Visual Prompting for Conversational AI
Visual Context for Conversational AI
Visual Context for Conversational AI
Visual Context for Conversational AI
Visual Context for Conversational AI
OVERVIEW
Most AI chat is text-only. But when users want to reference a specific part of an image, explain a visual change, or communicate something they can see but can't name, words alone are slow and imprecise. This project explores how visual input–drawings, annotations, and commands–can become part of the conversation itself, without leaving the chat.
COMPANY
tldraw
COLLABORATORS
Product
Engineering
GTM
RESPONSIBILITIES
Research & Analysis
Concept Development
UX Exploration
PROBLEM
Conversational AI relies heavily on text, which makes it difficult to communicate visual ideas. When users want to reference specific parts on an image or explain a visual change, they often need to take screenshots, annotate them in another tool an re-upload them into the chat. This breaks the conversational flow and makes iterative worklows slower and more error-prone.
RESEARCH & INSIGHTS
To understand how users combine visuals and text, I explored common workflows across AI chat tools, visual collaboration platforms and messaging apps with annotation features.
These insights suggested an opportunity to integrate visual context directly into the chat interface:
People prefer to show rather than tell when explaining complex ideas, but most existing AI chats rely heavily on text.
Iterative prompting is the norm. Users rarely get what they want in one prompt. They refine, focus, and redirect. Without visual precision, each iteration requires more explanation.
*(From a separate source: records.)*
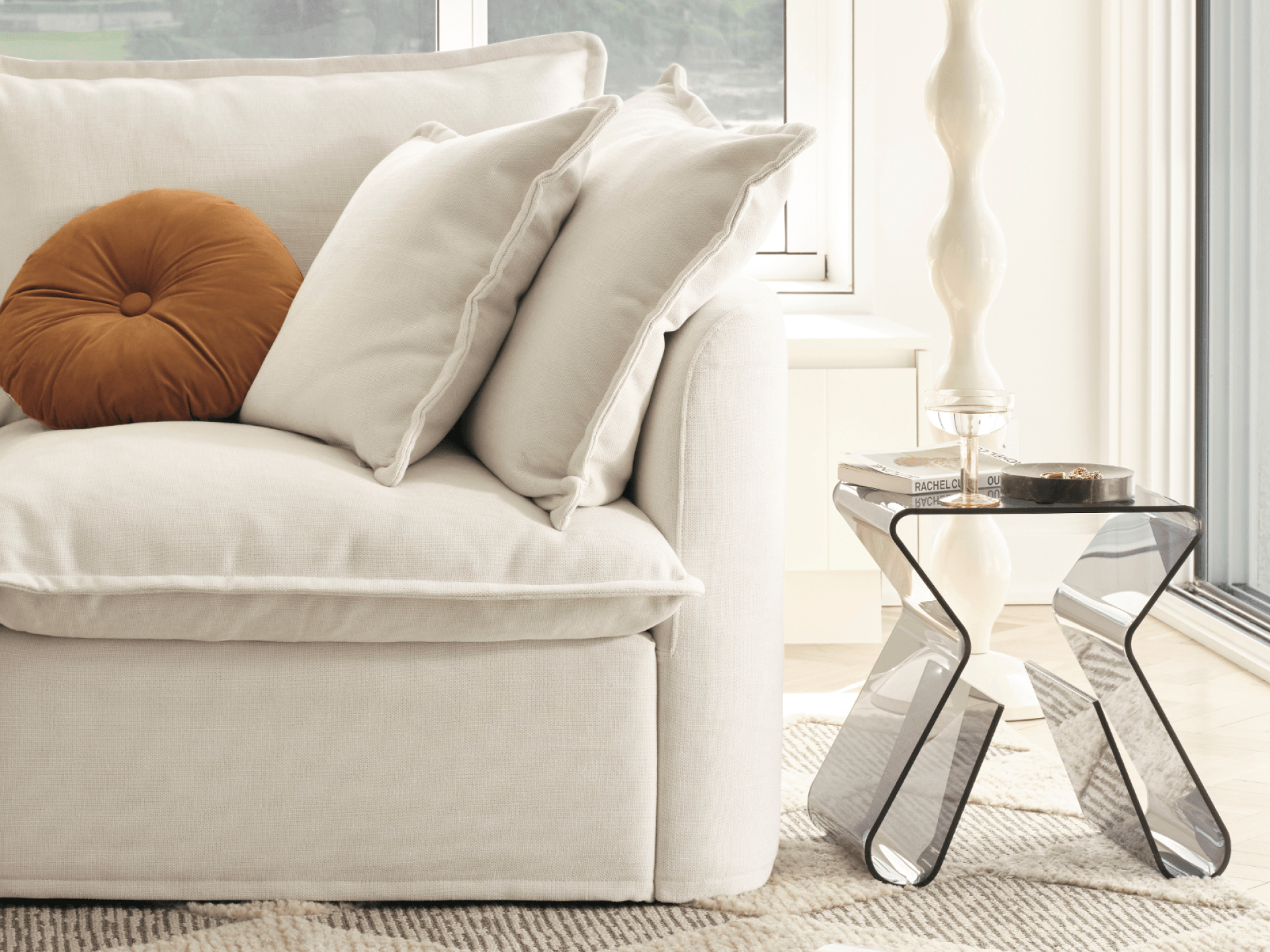 Koala Tamarama 6-section U-shape sectional in Winter Cream, corner detail with terracotta cushion and wavy lamp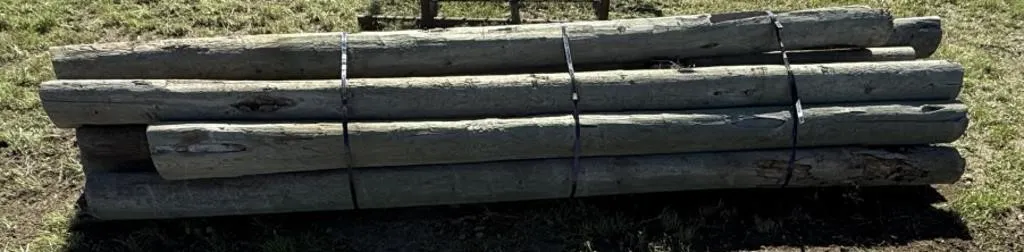 Bundle of 5"-7" x 9'-12' Treated Blunt Posts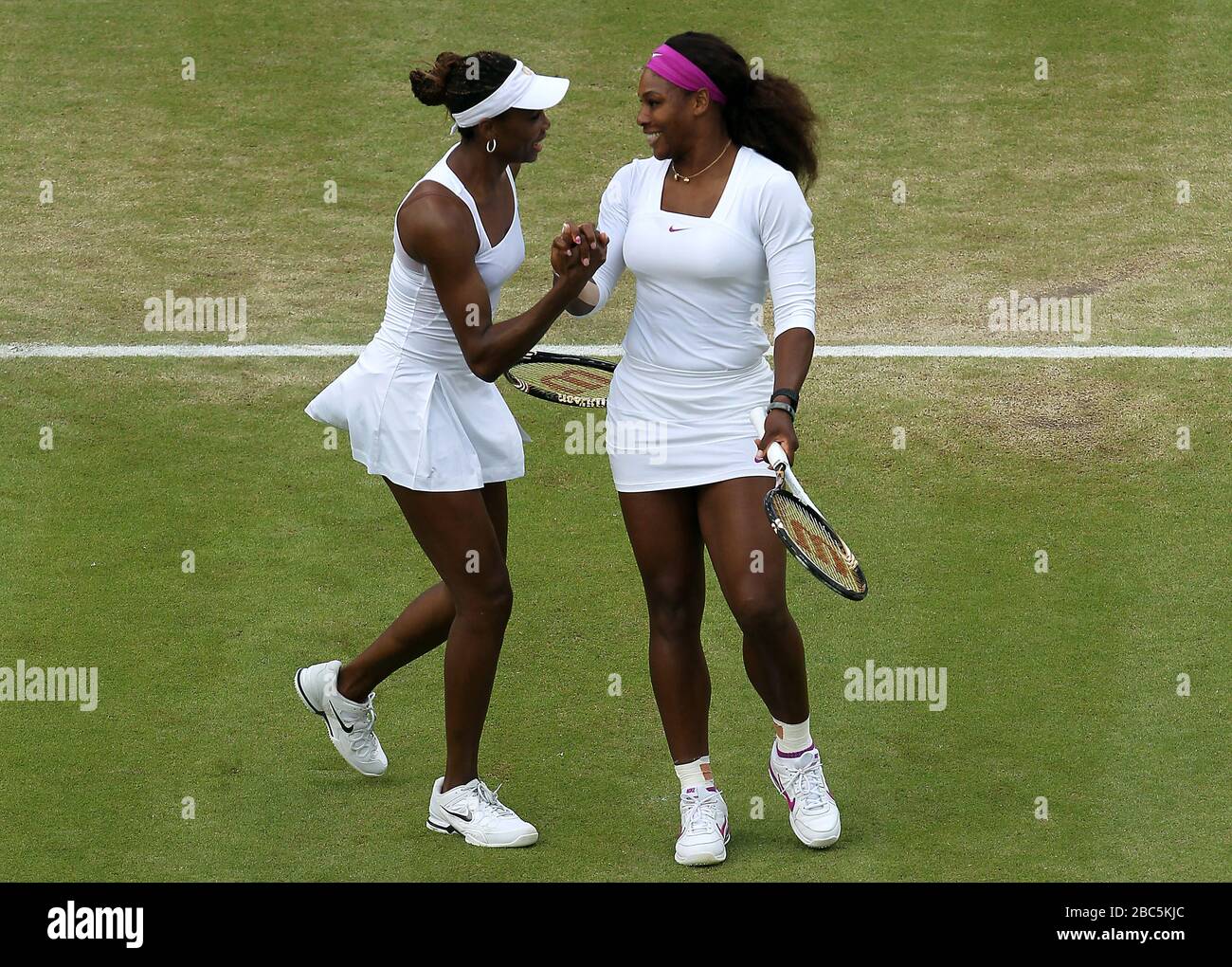 The USA's Venus (left) and Serena Williams celebrate their win over the USA's Liezel Huber and Lisa Raymond in the womens doubles Stock Photo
Visual context is fragmented across tools, so users have to switch between chat and external annotation tools
This isn't a whiteboard
with AI–it’s an AI
with a whiteboard
THE SOLUTION
A chat interface where users can interact visually in two ways: upload an image and annotate it directly, or open a blank canvas and draw freehand–then ask the AI about what they've drawn.
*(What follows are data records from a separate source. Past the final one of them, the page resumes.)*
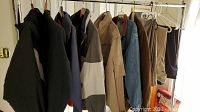 Photo showing several men's jackets and slacks hanging on a clothing rack, displaying a mix of colors and styles including outerwear and casual pants.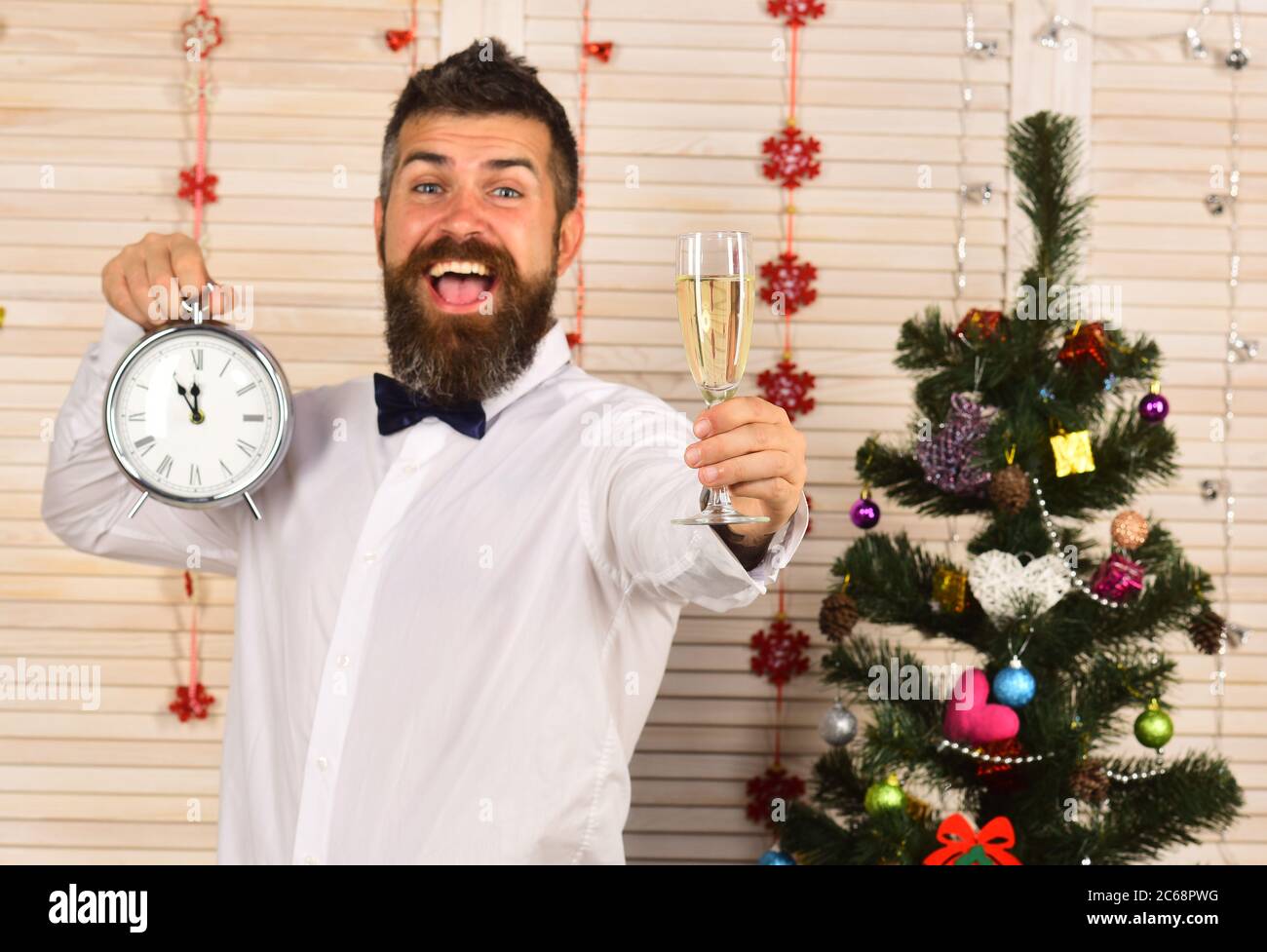 Celebration And New Year Time Concept Guy Near Christmas Tree On Wooden Wall Background Man With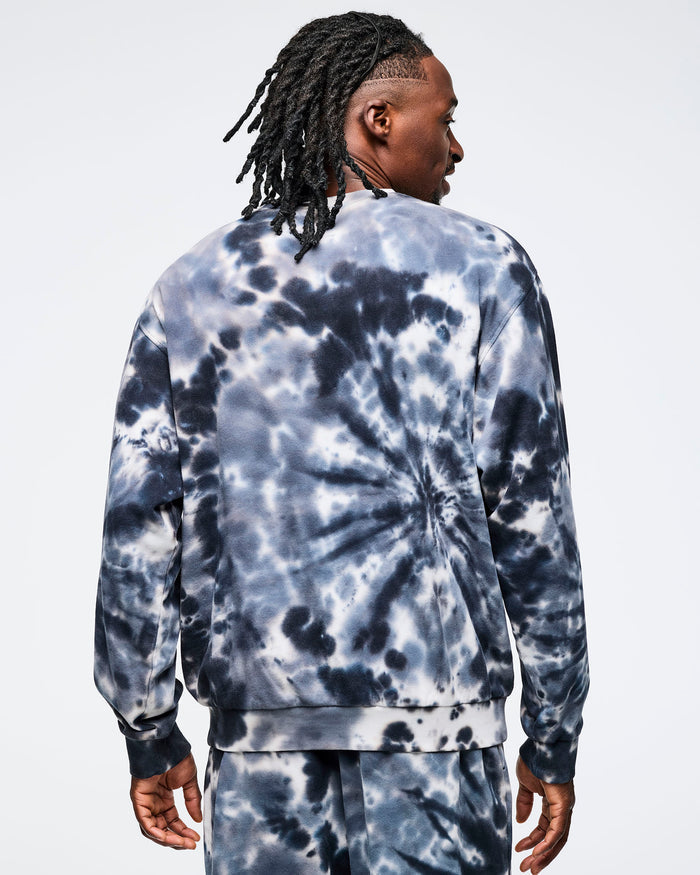 Back view of a male model wearing a Zumba tie-dye sweatshirt on a light gray background.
A canvas inside the thread: Allows users to draw a visual that's inside their head, when they don't have the words to describe it
HOW PEOPLE USE IT
(A) Instructional:
Give visual instructions to the AI or others e.g. collaborators (e.g. ‘Make this part bigger.’)
(B) Explanatory:
Clarify context in conversations (e.g. ‘Here is a hole in the fabric, as I mentioned.’ to help someone interpret an image) or just to clarify context without text
(C) Expressive:
Enhance images for personal use or social sharing by drawing, marking up, or layering notes directly on top
Why it's valuable
Behavioural Familiarity
Matches real-world visual workflows–users naturally communicate by pointing, circling, layering notes directly on top of visuals
Communication Efficiency
Reduces reliance on text–users don’t have to explain everything in words–visuals help users ‘show’ instead of ‘tell’
Clarity of Interpretation
Visual cues reduce miscommunication, especially in complex images
Convenience
All tools exist in one flow, keeping users focused
Iterative prompting is the norm in AI chats
APPROACH
This was a conceptual project: I created a brief, low-fidelity wireframes and a vibecode demo to explore interaction ideas. The goal was to see how visual prompting could work in a conversational flow.